2 restaurants located randomly any help on following question will be much appreciated.
Q. Suppose that $2$ restaurants are going to be located at a street that is $10$ km long. The location of each restaurant is chosen randomly. What is the probability that they will be located less than $5$ km apart?
Ans: $\frac 34$
Also, can we generalize this to "probability of $2$ entities located randomly over $y$ km stretch such that they are $x$ km apart"?? 
 A: A "quick and easy" route:
Think of it as placing one restaurant first and then seeing where you can place the next.
The two extremes are when you place the first restaurant in the middle (where the probability of a randomly selected position being within $5$ km is $1$) and then the first restaurant is at the edge (where the probability is $\frac{1}{2}$).
As you change the position from these two extremes, the change in the probability is linear (convince yourself if you haven't already), so you may simply take the average of the two, which is $\frac{3}{4}$.

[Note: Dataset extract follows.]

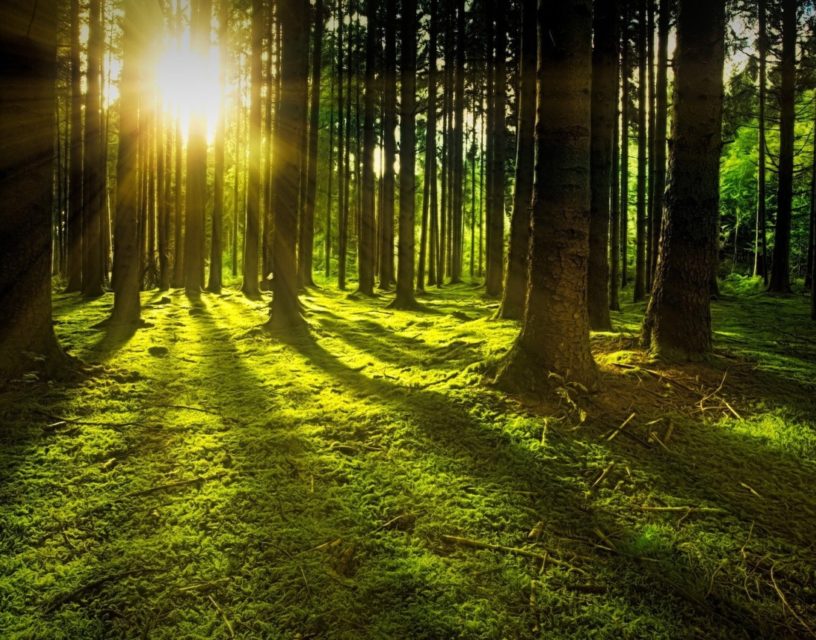 Kuvassa metsää, jonne paistaa aurinko.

N.B. This is obviously not the best solution, but I suspect this is from a "give a number answer" math competition, where time is key and answers like this are good enough (since work is not graded).
A: Consider a point chosen randomly in $[0,10]^2$. We want to find the area of the
points satisfying $|x-y| \le 5$ for $(x,y) \in [0,10]^2$.
If you'll excuse the rude drawing, you can see that the set of satisfying points takes ${3\over 4}$ of the area.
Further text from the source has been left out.